[Data excerpts]

-=-=-=-=-

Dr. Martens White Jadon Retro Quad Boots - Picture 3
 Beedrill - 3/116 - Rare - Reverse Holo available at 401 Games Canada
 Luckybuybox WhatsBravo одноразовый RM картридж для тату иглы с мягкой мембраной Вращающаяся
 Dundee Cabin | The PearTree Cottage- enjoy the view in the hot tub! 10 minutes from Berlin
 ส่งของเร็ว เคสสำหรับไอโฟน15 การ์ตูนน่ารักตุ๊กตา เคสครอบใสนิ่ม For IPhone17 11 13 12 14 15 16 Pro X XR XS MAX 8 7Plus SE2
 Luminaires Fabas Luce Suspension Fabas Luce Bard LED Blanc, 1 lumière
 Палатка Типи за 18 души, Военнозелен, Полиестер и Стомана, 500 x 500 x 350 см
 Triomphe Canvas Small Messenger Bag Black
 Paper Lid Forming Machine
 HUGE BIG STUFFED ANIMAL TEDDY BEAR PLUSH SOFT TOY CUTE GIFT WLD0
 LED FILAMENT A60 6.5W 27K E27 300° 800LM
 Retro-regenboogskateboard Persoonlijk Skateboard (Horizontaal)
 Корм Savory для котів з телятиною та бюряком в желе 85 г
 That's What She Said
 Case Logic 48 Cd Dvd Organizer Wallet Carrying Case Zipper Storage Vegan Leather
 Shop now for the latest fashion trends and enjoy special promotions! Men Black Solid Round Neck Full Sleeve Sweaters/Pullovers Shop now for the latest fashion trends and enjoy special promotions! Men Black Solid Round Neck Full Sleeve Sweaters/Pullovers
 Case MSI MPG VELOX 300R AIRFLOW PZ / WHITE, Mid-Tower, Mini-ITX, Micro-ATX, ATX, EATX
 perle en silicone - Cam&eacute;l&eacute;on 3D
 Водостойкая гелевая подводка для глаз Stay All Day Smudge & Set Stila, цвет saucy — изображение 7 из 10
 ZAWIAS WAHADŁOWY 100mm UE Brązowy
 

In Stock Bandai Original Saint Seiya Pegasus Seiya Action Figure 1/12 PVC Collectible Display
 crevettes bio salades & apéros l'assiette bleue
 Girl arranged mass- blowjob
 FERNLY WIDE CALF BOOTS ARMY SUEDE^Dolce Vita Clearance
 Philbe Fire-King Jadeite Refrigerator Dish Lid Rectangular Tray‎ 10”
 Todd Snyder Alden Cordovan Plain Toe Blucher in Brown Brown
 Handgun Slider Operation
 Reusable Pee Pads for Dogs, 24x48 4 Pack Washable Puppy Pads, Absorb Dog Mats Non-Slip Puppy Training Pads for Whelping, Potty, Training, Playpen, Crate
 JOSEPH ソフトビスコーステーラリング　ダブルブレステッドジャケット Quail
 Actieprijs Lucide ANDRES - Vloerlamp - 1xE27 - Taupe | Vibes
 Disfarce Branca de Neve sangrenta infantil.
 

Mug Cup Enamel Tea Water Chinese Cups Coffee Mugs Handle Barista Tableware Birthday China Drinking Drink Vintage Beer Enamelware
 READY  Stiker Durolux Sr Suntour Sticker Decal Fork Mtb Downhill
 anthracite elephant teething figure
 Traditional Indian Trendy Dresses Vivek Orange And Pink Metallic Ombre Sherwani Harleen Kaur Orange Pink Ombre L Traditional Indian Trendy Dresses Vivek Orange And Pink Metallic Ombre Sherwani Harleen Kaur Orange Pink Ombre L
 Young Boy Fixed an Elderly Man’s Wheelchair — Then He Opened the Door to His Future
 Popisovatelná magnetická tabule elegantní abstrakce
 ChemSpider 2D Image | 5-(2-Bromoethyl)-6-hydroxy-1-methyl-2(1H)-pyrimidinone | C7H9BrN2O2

-=-=-=-=-

■ **Task description**: Scan the data above for the word "enjoy", then copy every line that holds it.

■ **Result of this task**:
 Dundee Cabin | The PearTree Cottage- enjoy the view in the hot tub! 10 minutes from Berlin
 Shop now for the latest fashion trends and enjoy special promotions! Men Black Solid Round Neck Full Sleeve Sweaters/Pullovers Shop now for the latest fashion trends and enjoy special promotions! Men Black Solid Round Neck Full Sleeve Sweaters/Pullovers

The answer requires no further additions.